Records excerpted from a collection:
━━━

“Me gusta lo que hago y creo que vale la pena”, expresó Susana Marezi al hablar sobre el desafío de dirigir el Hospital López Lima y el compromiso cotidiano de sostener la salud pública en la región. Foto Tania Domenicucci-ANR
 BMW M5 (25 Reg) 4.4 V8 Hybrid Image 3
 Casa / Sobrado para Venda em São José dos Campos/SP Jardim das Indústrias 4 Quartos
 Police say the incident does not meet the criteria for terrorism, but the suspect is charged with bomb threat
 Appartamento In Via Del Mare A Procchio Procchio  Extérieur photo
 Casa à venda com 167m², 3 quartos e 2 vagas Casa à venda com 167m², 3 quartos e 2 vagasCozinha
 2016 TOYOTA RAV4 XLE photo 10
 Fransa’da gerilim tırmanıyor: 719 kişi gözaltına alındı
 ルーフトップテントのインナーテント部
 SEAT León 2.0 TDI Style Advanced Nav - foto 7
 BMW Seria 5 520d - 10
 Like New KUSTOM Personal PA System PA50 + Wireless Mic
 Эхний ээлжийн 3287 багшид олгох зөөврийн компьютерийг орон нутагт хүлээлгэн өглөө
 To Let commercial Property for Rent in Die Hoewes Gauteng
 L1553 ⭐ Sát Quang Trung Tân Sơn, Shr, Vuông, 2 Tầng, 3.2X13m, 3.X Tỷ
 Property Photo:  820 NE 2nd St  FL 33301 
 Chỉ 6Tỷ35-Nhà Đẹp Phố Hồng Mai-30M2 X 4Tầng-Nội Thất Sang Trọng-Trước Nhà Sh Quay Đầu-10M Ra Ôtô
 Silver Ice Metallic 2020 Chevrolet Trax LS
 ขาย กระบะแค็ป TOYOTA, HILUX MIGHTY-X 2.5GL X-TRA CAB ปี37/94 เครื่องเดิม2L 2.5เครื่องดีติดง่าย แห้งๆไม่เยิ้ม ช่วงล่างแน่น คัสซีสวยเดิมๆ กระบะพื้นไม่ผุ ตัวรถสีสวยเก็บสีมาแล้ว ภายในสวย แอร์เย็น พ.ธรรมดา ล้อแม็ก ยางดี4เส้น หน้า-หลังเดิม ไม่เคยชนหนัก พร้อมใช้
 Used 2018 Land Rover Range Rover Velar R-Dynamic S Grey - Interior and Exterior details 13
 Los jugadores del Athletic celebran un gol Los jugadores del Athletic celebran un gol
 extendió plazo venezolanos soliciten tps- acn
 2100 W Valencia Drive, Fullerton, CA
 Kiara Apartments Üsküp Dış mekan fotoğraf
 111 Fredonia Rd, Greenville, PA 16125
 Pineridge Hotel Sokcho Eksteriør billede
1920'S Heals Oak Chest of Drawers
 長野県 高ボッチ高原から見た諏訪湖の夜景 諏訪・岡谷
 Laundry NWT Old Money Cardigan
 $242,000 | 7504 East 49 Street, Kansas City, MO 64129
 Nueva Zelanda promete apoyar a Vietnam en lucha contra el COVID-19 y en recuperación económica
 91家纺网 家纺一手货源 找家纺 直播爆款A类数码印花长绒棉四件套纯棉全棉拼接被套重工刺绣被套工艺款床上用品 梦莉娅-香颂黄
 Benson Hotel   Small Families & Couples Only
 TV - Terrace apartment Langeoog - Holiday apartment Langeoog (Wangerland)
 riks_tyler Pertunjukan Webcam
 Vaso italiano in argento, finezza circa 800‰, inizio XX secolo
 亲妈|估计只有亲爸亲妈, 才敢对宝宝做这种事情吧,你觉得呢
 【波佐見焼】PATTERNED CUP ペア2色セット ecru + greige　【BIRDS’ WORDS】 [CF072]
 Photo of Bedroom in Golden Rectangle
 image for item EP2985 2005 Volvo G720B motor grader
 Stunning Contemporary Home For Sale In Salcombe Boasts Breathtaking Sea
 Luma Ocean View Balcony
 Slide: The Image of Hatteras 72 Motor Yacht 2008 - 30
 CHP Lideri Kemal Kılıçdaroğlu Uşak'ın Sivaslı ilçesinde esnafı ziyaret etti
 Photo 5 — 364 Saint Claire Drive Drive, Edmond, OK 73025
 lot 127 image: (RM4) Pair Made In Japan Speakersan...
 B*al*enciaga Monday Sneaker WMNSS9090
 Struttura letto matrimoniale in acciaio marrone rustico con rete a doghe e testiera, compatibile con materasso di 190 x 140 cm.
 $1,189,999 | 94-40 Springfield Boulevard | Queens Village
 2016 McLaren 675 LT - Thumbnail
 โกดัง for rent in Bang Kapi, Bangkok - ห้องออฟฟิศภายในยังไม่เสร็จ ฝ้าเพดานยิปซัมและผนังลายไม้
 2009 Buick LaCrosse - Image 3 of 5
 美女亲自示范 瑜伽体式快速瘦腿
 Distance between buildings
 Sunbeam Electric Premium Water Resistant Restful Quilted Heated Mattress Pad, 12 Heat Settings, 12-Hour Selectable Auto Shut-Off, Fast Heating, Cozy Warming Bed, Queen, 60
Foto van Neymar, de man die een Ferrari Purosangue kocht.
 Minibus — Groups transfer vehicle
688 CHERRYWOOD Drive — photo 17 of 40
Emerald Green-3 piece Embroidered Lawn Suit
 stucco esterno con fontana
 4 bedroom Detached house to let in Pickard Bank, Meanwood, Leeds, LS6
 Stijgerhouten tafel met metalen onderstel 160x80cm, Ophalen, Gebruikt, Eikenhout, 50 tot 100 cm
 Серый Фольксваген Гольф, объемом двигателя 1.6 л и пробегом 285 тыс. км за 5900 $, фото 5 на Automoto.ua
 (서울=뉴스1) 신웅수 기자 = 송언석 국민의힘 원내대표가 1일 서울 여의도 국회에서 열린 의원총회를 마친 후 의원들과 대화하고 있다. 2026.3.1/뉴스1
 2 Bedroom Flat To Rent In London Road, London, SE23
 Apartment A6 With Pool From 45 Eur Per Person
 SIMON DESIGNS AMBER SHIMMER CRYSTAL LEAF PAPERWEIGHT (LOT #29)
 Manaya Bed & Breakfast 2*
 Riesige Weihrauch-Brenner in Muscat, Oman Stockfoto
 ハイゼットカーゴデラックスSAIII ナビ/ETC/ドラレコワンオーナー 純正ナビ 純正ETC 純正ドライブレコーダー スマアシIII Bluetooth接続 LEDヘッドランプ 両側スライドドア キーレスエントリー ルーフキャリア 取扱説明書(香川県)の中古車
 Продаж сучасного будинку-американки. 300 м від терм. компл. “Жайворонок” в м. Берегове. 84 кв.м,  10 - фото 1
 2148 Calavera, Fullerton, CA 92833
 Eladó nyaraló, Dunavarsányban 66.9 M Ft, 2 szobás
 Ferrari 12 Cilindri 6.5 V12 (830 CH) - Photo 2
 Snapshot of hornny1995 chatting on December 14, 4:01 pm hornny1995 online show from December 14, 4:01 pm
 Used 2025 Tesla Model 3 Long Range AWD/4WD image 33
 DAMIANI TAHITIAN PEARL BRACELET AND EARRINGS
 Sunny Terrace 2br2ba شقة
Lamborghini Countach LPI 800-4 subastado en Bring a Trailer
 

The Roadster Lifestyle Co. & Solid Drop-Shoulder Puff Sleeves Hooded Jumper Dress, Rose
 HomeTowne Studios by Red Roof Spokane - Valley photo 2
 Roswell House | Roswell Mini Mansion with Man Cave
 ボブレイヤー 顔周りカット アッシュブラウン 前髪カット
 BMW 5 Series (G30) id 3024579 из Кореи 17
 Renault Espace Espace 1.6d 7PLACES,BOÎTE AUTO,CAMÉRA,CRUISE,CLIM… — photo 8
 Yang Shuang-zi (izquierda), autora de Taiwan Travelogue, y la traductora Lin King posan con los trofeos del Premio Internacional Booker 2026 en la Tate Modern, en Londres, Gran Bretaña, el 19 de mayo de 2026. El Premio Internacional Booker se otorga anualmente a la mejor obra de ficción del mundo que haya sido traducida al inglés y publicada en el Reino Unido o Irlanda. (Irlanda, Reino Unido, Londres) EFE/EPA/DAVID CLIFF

━━━

Task to complete: Provide the number of lines in the entries that include "Property", and no other text.

Exercise output: 2